Proposes the Object-Generalized ReID (OG-ReID) paradigm—using a unified model to recognize the "same instance" of heterogeneous objects such as people, vehicles, animals, ships, and buildings. The MGOR framework is designed to reinterpret meta-learning as "semantic distribution regularization," outperforming existing ReID methods on 100+ unseen categories without target domain adaptation.

Background & Motivation¶

Background: The task of object re-identification (ReID) is to recognize the "same individual" across different camera views and sensors. Over the past decade, person ReID and vehicle ReID have achieved high performance, with deep features and metric learning reaching remarkable instance-level accuracy within their respective categories.

Limitations of Prior Work: Almost all methods are built on a "category consistency hypothesis"—where training and testing data originate from the same category of objects. This implies that for every new object type (person, car, ship, animal...), an independent model must be trained, leading to expensive labeling, wasted computational resources, and poor scalability. In real-world scenarios (smart cities, ecological monitoring), vision systems must handle dozens of heterogeneous objects simultaneously; modeling them category-by-category is unsustainable.

Key Challenge: Can we directly use Domain Generalized ReID (DG-ReID)? No. DG-ReID addresses domain shift (changes in viewpoint and lighting for the same category), assuming all samples share the same semantic structure. However, OG-ReID faces category shift: humans are identified by body parts, vehicles by geometric contours, and animals by texture patterns—the "definition" of identity cues differs. This heterogeneity breaks the shared feature hypothesis, causing existing DG methods to generalize poorly on mixed categories, sometimes even performing worse than standard supervised models.

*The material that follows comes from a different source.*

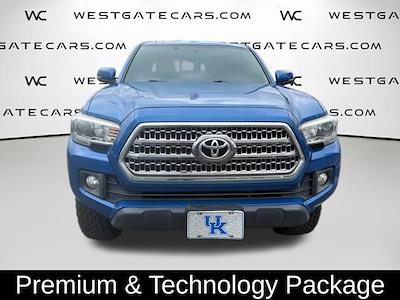 Used 2017 Toyota Tacoma - photo 1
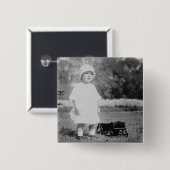 トイワゴン付き小さな女の子 缶バッジ (正面&裏面)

Goal: To learn a category-agnostic identity representation trained from mixed-category data that can directly transfer to completely unseen object categories for instance matching.

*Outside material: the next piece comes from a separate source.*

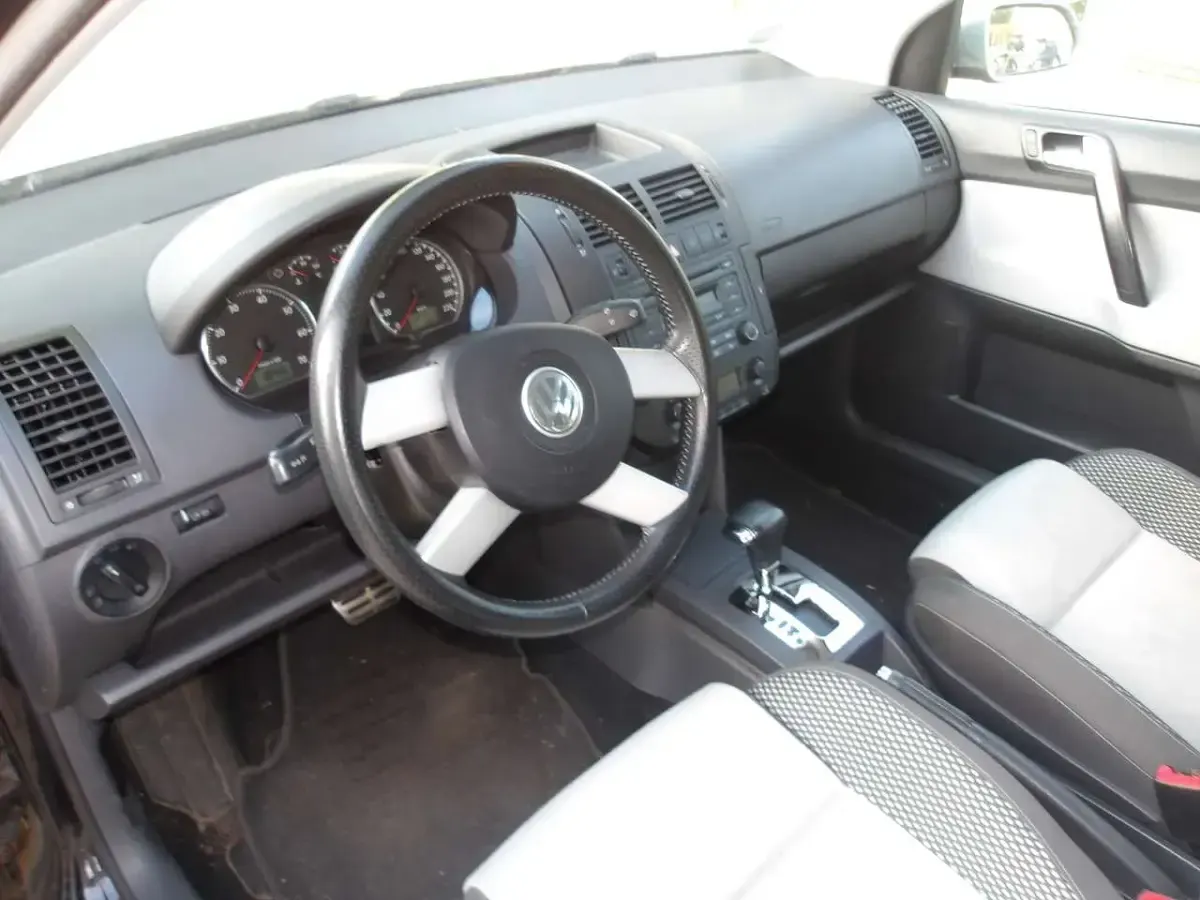 Używany VW Polo Cross 105 KM (77 kW) 2008 Czarny Hatchback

Key Insight: The authors revisit meta-learning. Previously, meta-learning was used to "simulate domain shifts and repeatedly adapt to synthetic domain partitions," which essentially remains adaptation at the appearance level. The observation is: if meta-learning is viewed not as "adapting to new tasks" but as "maintaining identity discriminative power under shifting semantic distributions", it becomes a tool for learning semantic-invariant representations.

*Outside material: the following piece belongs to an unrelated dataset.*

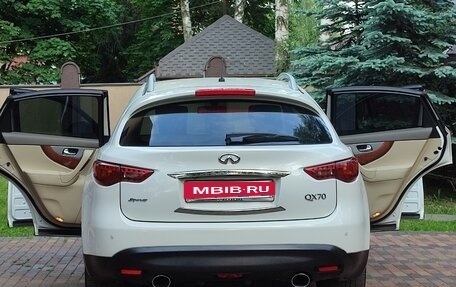 Infiniti QX70, 2015 год, 2 300 000 рублей, 21 фотография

Core Idea: Reinterpreting meta-learning as semantic distribution regularization—actively creating controlled category distribution perturbations to force a balance between "semantic diversity" and "identity discriminative power." This allows invariance to emerge naturally as an equilibrium state, rather than being forced through explicit alignment or adversarial losses.

Method¶

Overall Architecture¶

The input to MGOR (Meta-Generalized Object Re-Identification) consists of mixed multi-category images (people/vehicles/animals/ships...), identity labels, and category labels. The output is a shared encoder \(f_\theta\) that maps object images of any category to a unified identity space. At inference, only the global representation is used for retrieval. The pipeline revolves around "learning invariance under controlled semantic perturbation" through three progressive components: first, EDPS creates a controlled category distribution perturbation in each mini-batch and splits it into meta-train/meta-test halves; then, MOIL treats each episode as a "distribution consistency test," requiring the same parameters to maintain discriminative power before and after perturbation; finally, HSE uses dual tokens and dual-level supervision to balance category invariance and intra-category discrimination in the representation space.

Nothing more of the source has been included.